Oldest carbon 'discovered' in universe

Washington:

Astronomers have discovered the oldest and most distant carbon in the universe, but they claim that there is not enough of it to support the theories of how the universe lit up.

In the early universe, a dark pervasive fog of neutral hydrogen gas lurked everywhere. Planetary scientists believe this fog cleared when the first stars formed to emit light.

There is a close connection between the amount of light and carbon produced in stars. But adding up all the 13-billion-year-old carbon detected, an international team came to the conclusion the amount of carbon, and therefore the number of massive stars, was insufficient to lift the fog.

"So light must come from somewhere else, perhaps an unknown population of quasars, or stars that lock-up more of their carbon, or carbon hidden in unobserved states," Dr Emma Ryan-Weber of Swinburne University of Technology, who led the team, said.

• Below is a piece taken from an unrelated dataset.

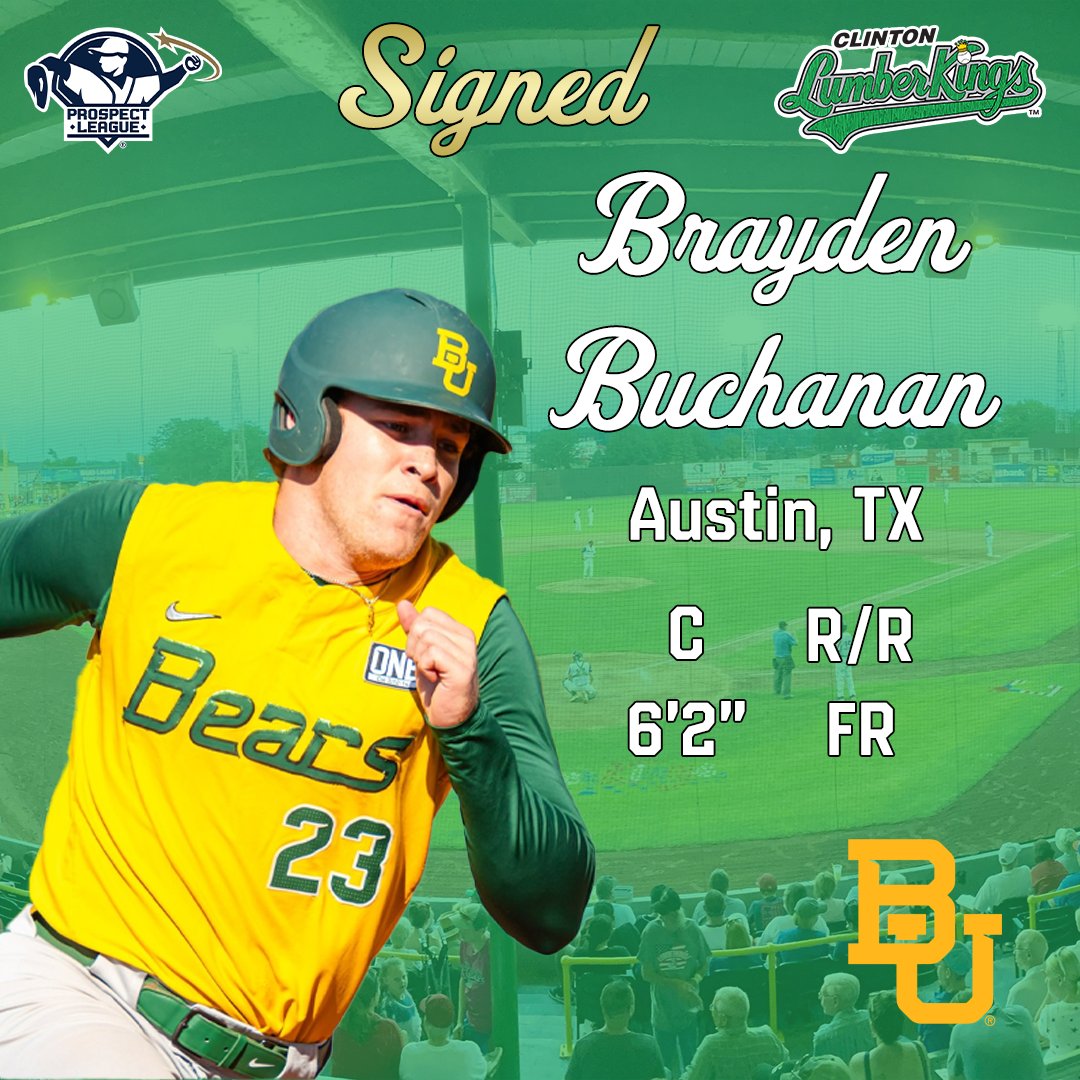 We have signed a "Chanan" as our catcher. Welcome Brayden Buchanan (<a href="/bbuchanan_12/">Brayden Buchanan</a>)!

#CrownedInClinton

When the universe began with the Big Bang only hydrogen and helium existed. The astronomers know the carbon they have discovered is old because it was detected in infrared wavelength rather than in the ultra-violet as on Earth.

The universe has expanded so much since the Big Bang that the wavelength of the light from carbon atoms has stretched from 155 to 1085 nanometres by the time it reaches the Earth.

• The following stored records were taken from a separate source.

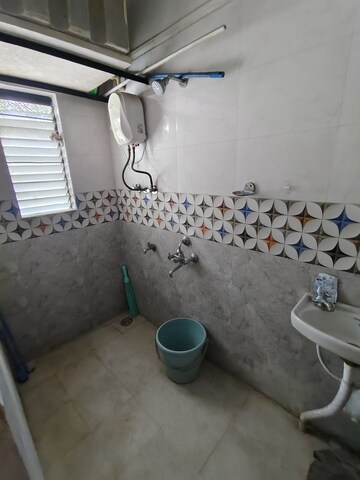 Bathroom in 1 BHK Apartment at Mantri Aangan, Koregaon Park – for Rent
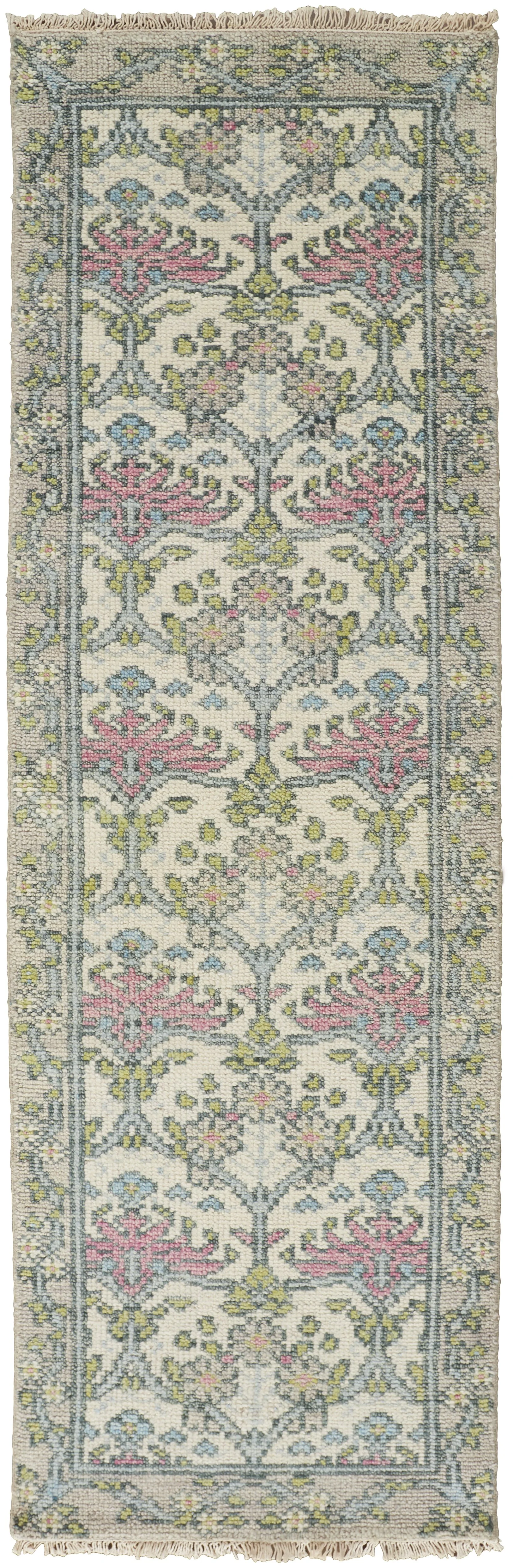 Feizy Beall 6714F Rug in Gray / Pink - Image 2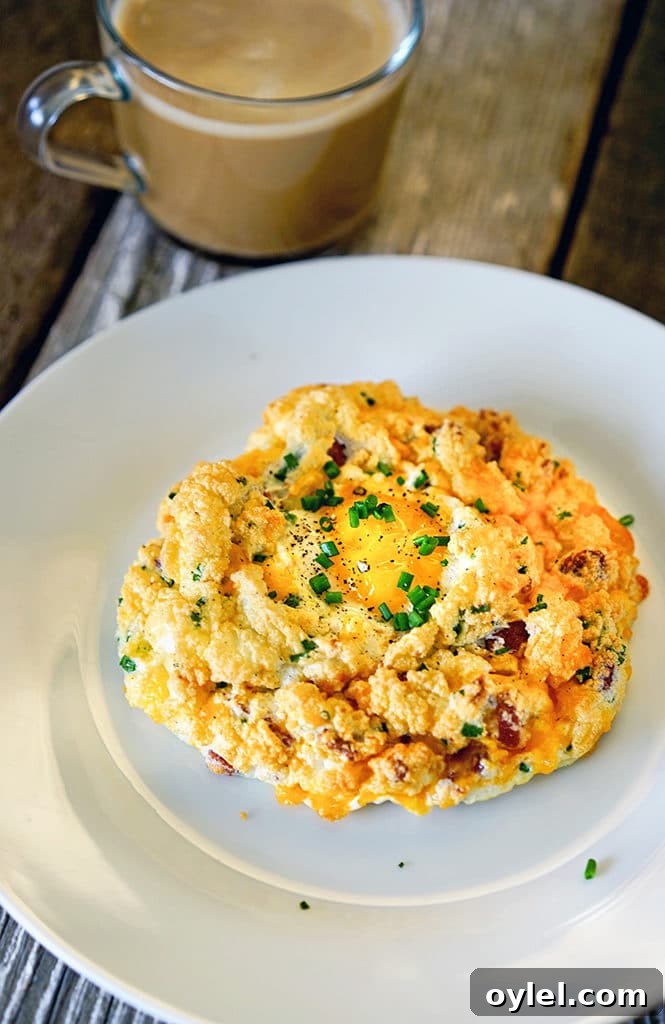 Fluffy Savory Cloud Eggs Recipe 5 Savory Egg Clouds. www.keviniscooking.com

Even though astronomers have been observing intergalactic carbon for many years, no-one had tried to detect it in the early Universe, because this involved looking in the near-infra-red.

Observations in the near-infrared are challenging because of the interference of intense 'airglow' lines in the night sky.

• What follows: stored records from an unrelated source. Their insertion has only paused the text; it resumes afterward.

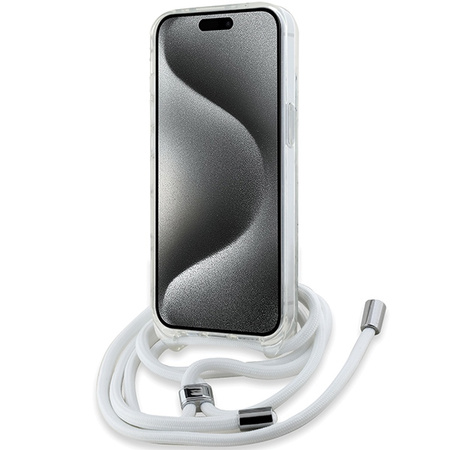 KARL LAGERFELD CASE HARDCASE DO IPHONE 14 13 15 6,1 TRANSPARENT IML
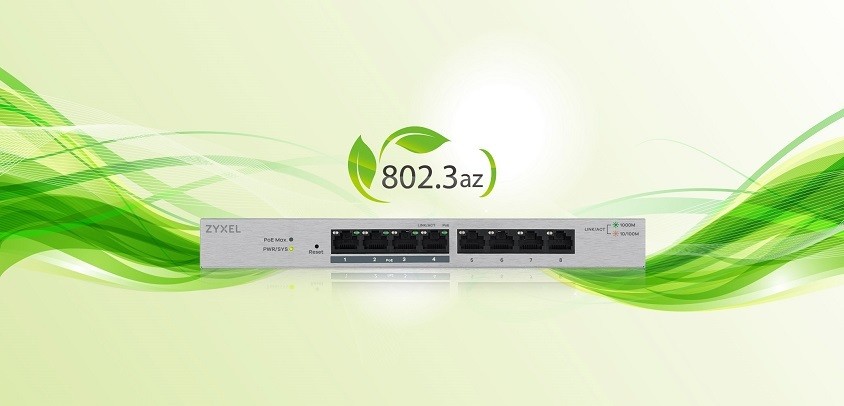 Zyxel GS1200-5HP 5 Port Gigabit Web Yönetilebilir PoE Switch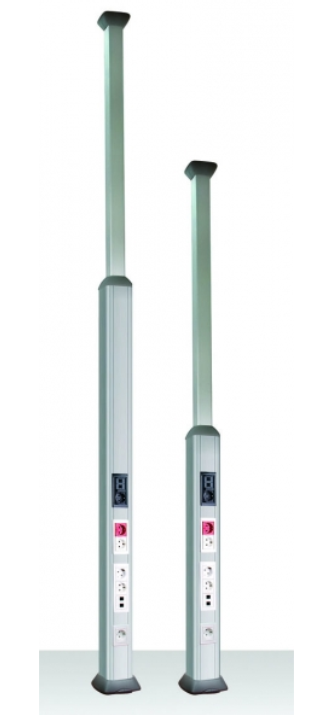 Колонна алюминиевая, 2.7 - 4.2м, цвет белый  DKC 09572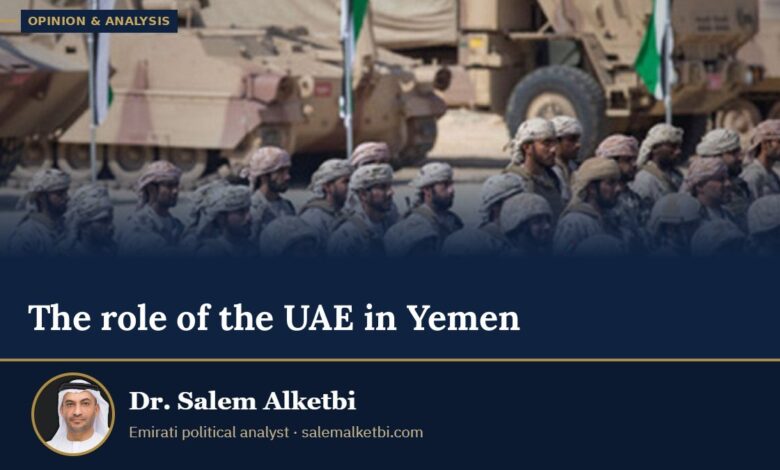 The role of the UAE in Yemen – Dr. Salem Alketbi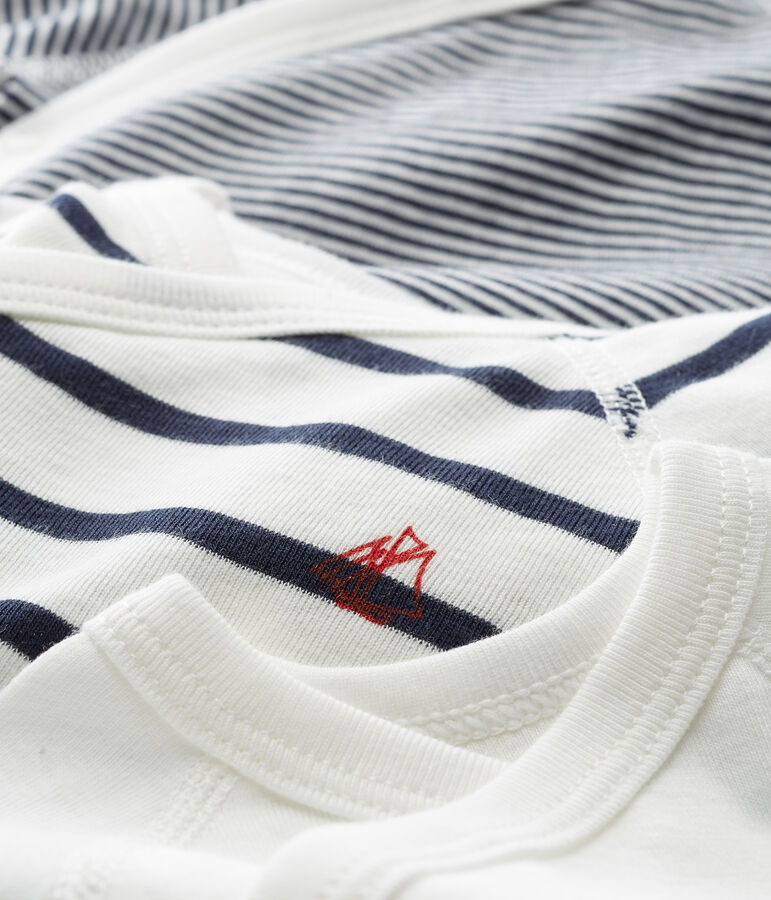 Trio Baby-Bodys f&uuml;r Neugeborene, Unisex vielfarbig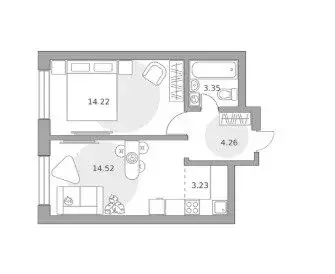 1-комнатная квартира: Красногорск, жилой комплекс Ильинойс, к1 (40 м) - Фото 1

The details surrounding the end of the dark Universe, a process know as re-ionisation, are among the last mysteries of modern cosmology.

Astronomers have yet to discover when the starlight from the first galaxies lit up the Universe, ionising the surrounding neutral hydrogen gas. And they don't know how massive these galaxies were, or whether they contained the same types of stars as we see today.

Even measurements suggesting the greatest number of galaxies in the early Universe could only lead to just enough light to lift the fog if the conditions are tweaked in the right way. Emma's survey of intergalactic carbon in the early universe provides a completely independent measure of the amount of starlight.

"A lot more starlight is needed to lift the fog. It's like going from a visibility of a metre to being able to see a kilometre down the road," Ryan-Weber said.